What to do.
Output the data below exactly, images excluded.

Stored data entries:
—————
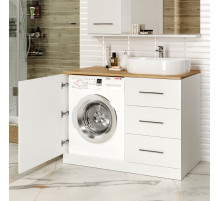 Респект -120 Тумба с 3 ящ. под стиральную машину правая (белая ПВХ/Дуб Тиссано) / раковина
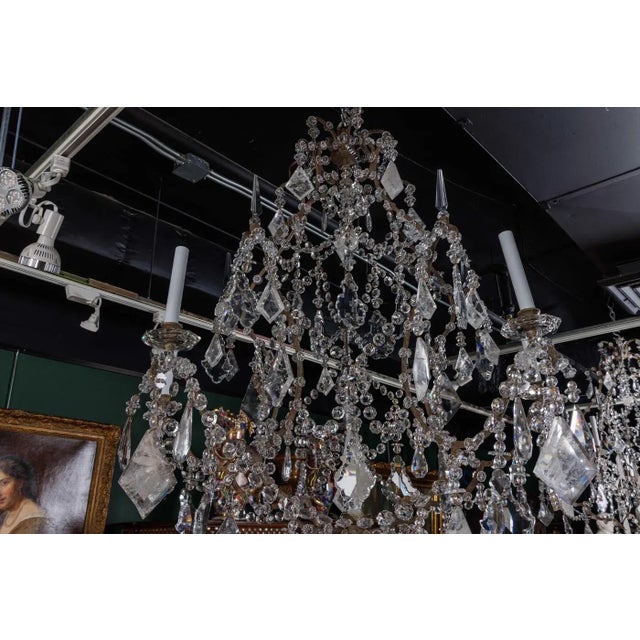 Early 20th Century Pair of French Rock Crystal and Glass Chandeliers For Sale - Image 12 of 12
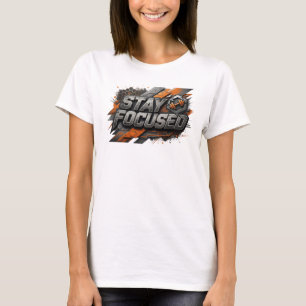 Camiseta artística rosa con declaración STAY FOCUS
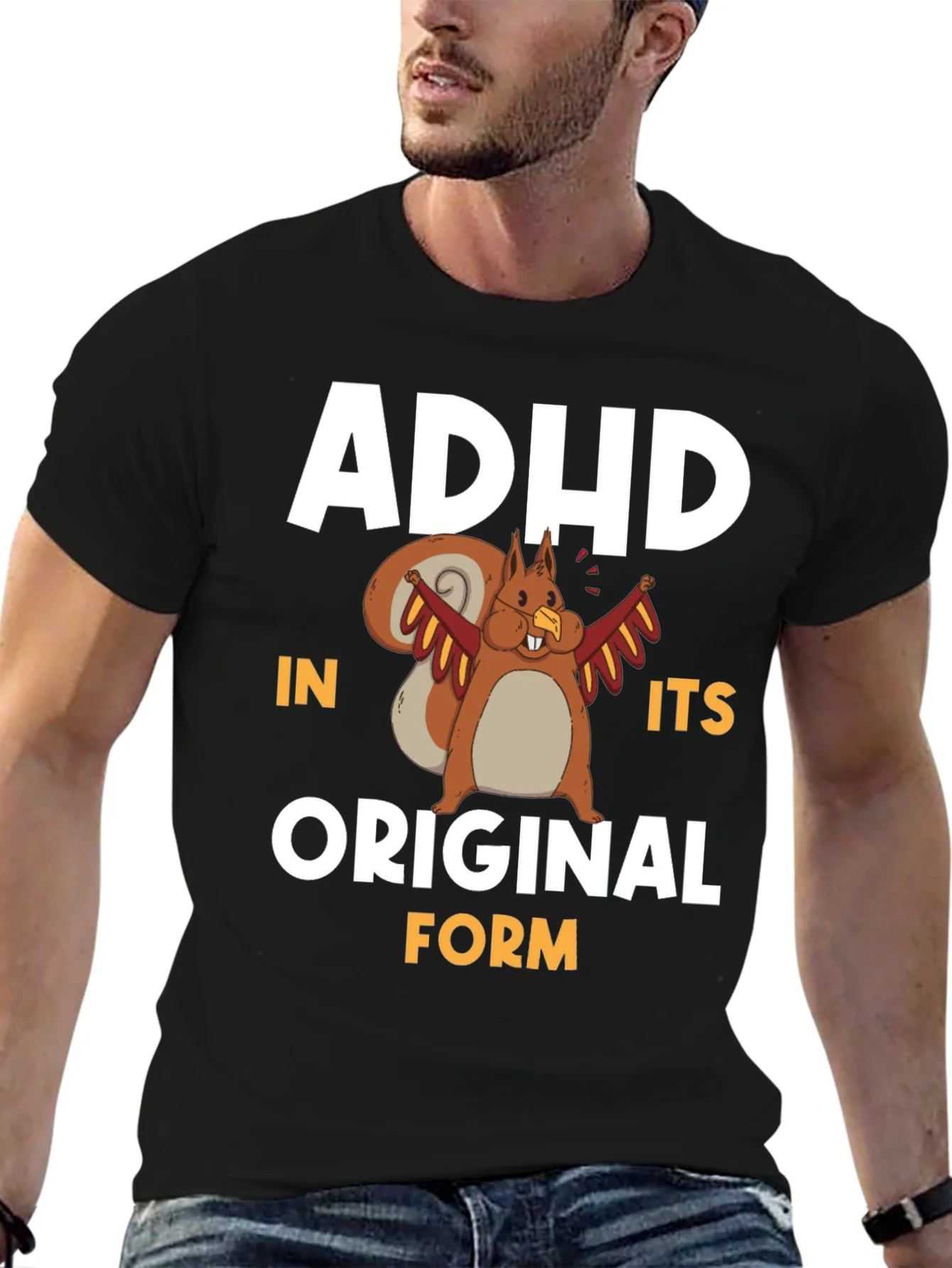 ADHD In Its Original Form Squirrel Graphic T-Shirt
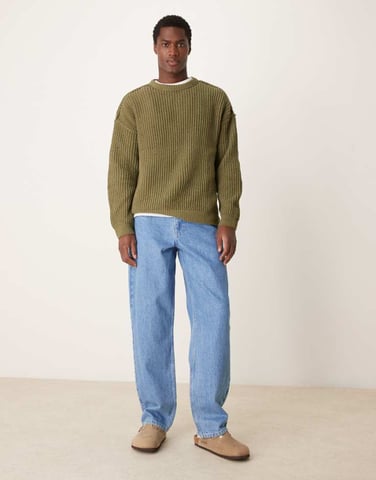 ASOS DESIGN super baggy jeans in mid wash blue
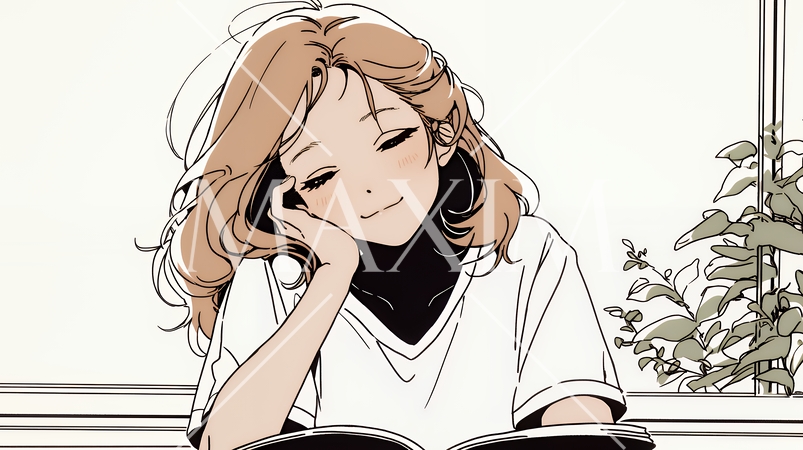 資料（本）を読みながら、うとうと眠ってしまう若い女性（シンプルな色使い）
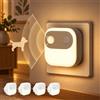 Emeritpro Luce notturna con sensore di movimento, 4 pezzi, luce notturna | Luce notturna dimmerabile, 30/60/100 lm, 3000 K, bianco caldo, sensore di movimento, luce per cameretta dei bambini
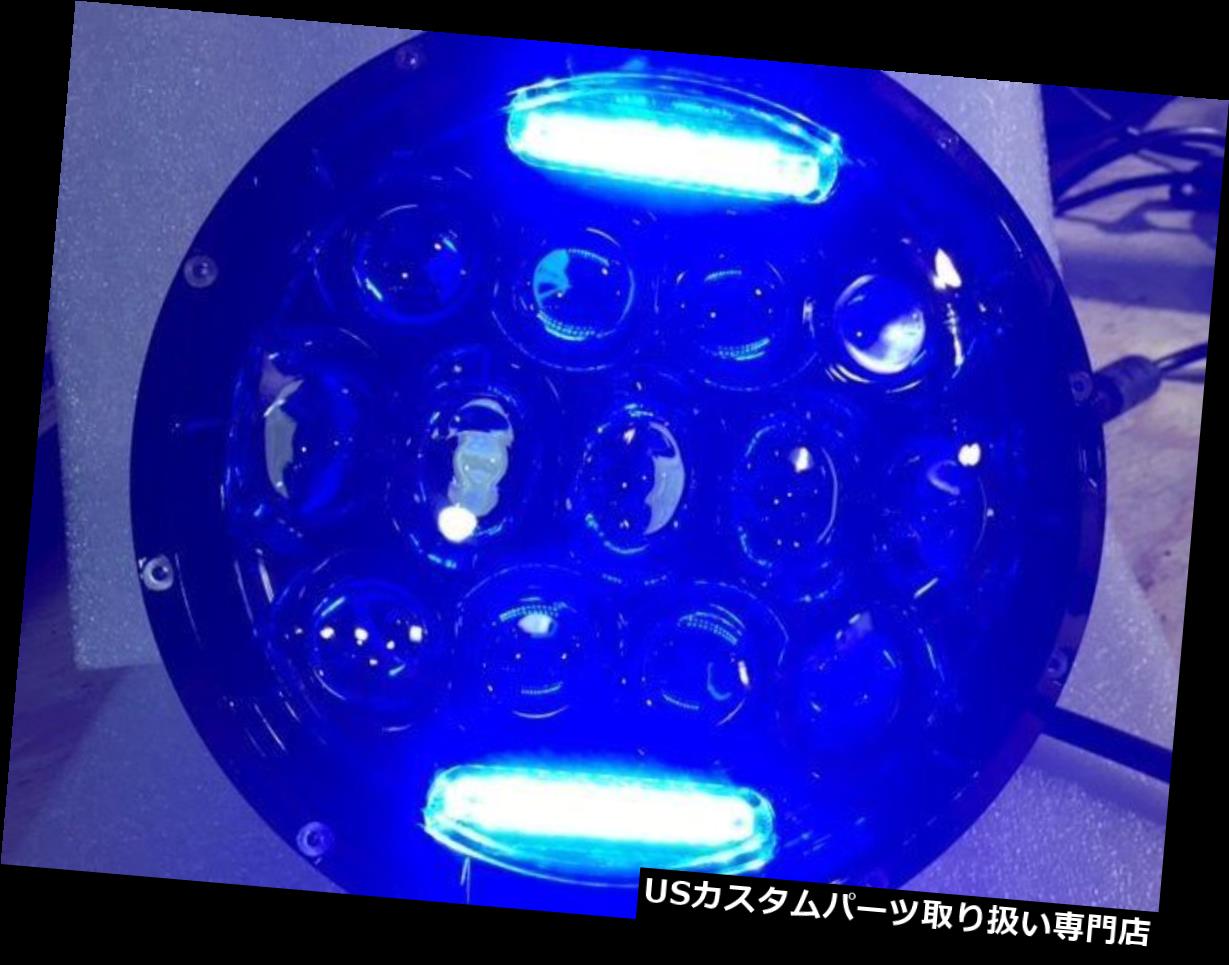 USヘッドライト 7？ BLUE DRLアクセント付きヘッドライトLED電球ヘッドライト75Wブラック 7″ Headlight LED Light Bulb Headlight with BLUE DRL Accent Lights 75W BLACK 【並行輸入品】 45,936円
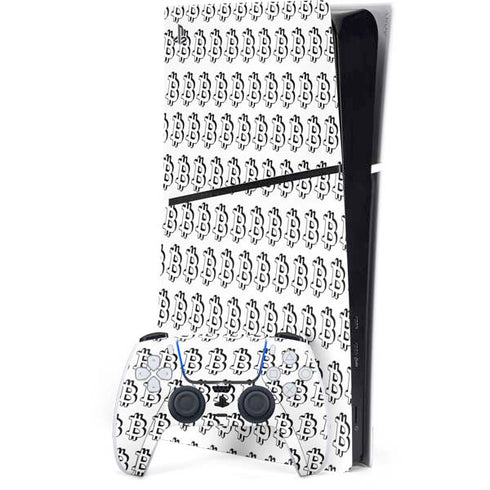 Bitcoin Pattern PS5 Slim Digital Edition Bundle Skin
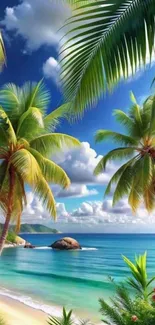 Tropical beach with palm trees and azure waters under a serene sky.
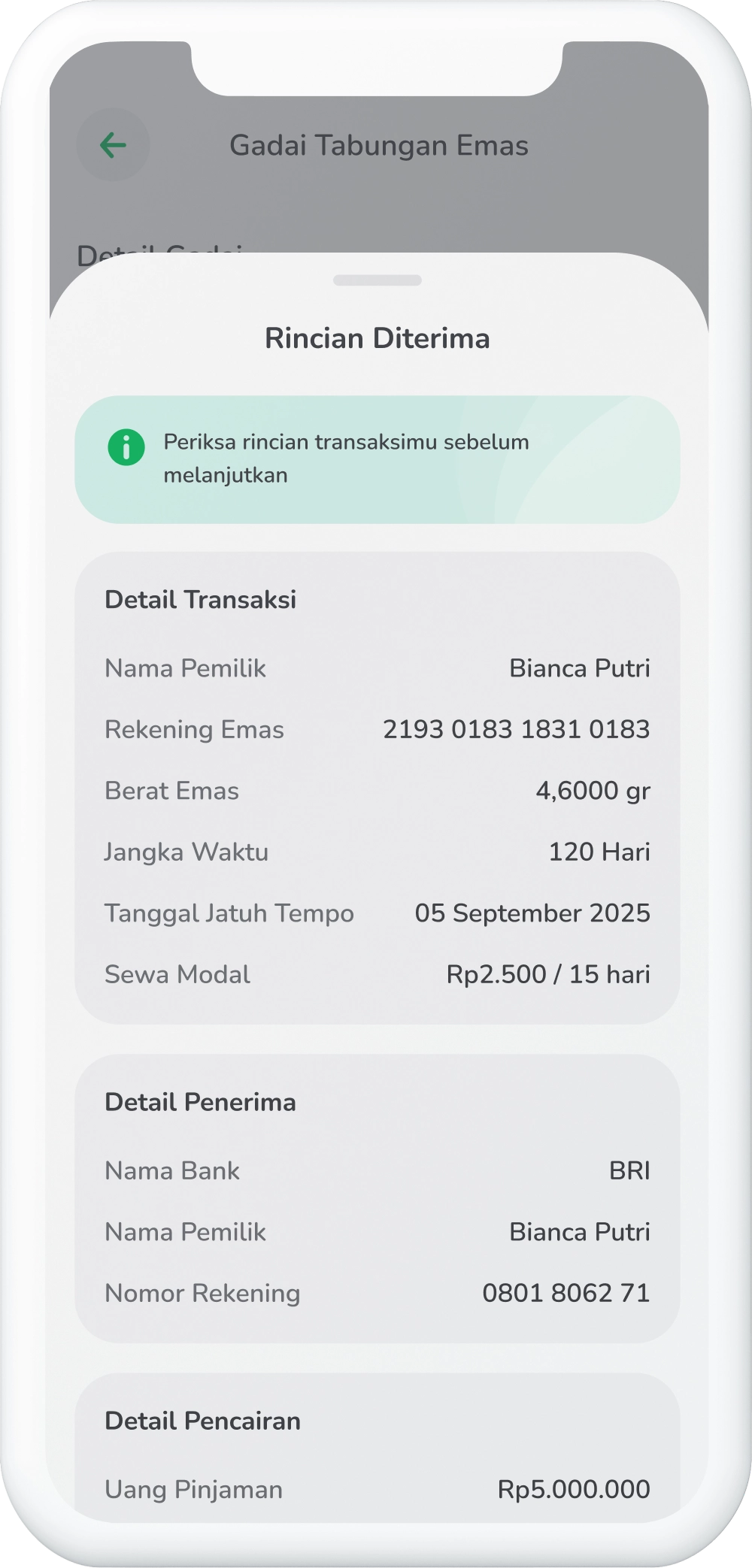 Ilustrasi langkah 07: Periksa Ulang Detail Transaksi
—————
Reply.
 Респект -120 Тумба с 3 ящ. под стиральную машину правая (белая ПВХ/Дуб Тиссано) / раковина
 Early 20th Century Pair of French Rock Crystal and Glass Chandeliers For Sale - Image 12 of 12
 Camiseta artística rosa con declaración STAY FOCUS
 ADHD In Its Original Form Squirrel Graphic T-Shirt
 ASOS DESIGN super baggy jeans in mid wash blue
 資料（本）を読みながら、うとうと眠ってしまう若い女性（シンプルな色使い）
 Emeritpro Luce notturna con sensore di movimento, 4 pezzi, luce notturna | Luce notturna dimmerabile, 30/60/100 lm, 3000 K, bianco caldo, sensore di movimento, luce per cameretta dei bambini
 USヘッドライト 7？ BLUE DRLアクセント付きヘッドライトLED電球ヘッドライト75Wブラック 7″ Headlight LED Light Bulb Headlight with BLUE DRL Accent Lights 75W BLACK 【並行輸入品】 45,936円
 Bitcoin Pattern PS5 Slim Digital Edition Bundle Skin
 Tropical beach with palm trees and azure waters under a serene sky.
 Ilustrasi langkah 07: Periksa Ulang Detail Transaksi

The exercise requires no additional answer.